Calling the initial amount set by a magisterial judge as “woefully inadequate,” a Bucks County judge on Tuesday increased the bail for a former Warminster police officer accused of sexually assaulting four teenage boys he met in the 1980s and 1990s through a drug-education program.
James Carey, 52, had been arraigned April 7 on more than 100 counts of statutory sexual assault, involuntary deviate sexual intercourse, corruption of minors, and related offenses. But he was released from custody after posting 10% of his $100,000 bail.
Prosecutors filed a petition the next day to have Carey’s bail increased, calling him a “danger to the community.”
On Tuesday, President Judge Wallace Bateman seemingly agreed. After a hearing in Doylestown, he set Carey’s bail at $250,000 cash and when the ex-officer couldn’t pay, the judge sent him to the county prison to await trial.
Carey met the youths between 1988 and 2000 through the D.A.R.E. program at schools in the Centennial School District, investigators said. He would befriend the boys — all of whom had issues at home — and invite them to his house or to take trips with him to a Boy Scout camp in Pipersville.
The four alleged victims told a Bucks County grand jury that Carey acted as a father figure, making excuses to spend time with them alone, and then groped them or forced them into sexual encounters.
First Assistant District Attorney Jennifer Schorn, the lead prosecutor on the case, told the judge Tuesday that Carey’s recent behavior demonstrated his lack of accountability to law enforcement.
She disclosed that when Carey applied for a job as a bus driver at a school district in South Jersey, where he currently lives, he failed to report that he was formerly employed for more than 20 years as a police officer in Warminster. Nor did he say that he had been the subject of an internal investigation into allegations of sexual misconduct in 2001, the prosecutor told the judge.
“Carey made sure to design circumstances to be around children, using his authority,” Schorn said. “He still has that ability to ingratiate himself in victims’ lives.”

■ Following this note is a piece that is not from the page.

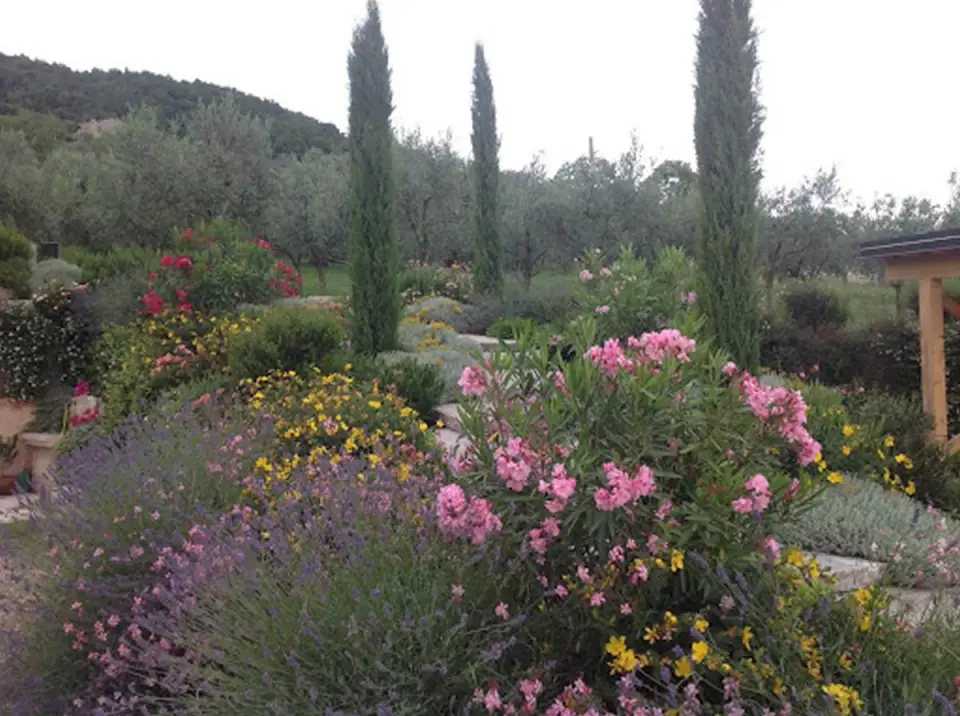 Bellamoli Giardini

Carey’s defense attorney, Thomas Joachim, said in court that the former officer vehemently denies the allegations, and poses no risk to the community. Joachim noted that the alleged assaults took place up until 2001 and that there have been no complaints against him in Bucks County since then.
“There’s rumors, innuendos, and suspicions, but not one fact leading to a charge for an assault in the last 20 years,” Joachim said.
Carey was a fixture in Warminster until 2005, when he was fired from the police department for mishandling unrelated cases, prosecutors said. He won his job back through arbitration, and retired in 2009. He moved to Cape May County, where New Jersey State Police investigated him for similar complaints about inappropriate behavior with children, according to filings in Bucks County. No charges were filed.
The investigation into Carey’s behavior during his time in Warminster gained momentum last May, prosecutors said, when an adult came forward to report that when he was a teenager he had been molested by Carey at a rec center in the township, according to the affidavit of probable cause for Carey’s arrest.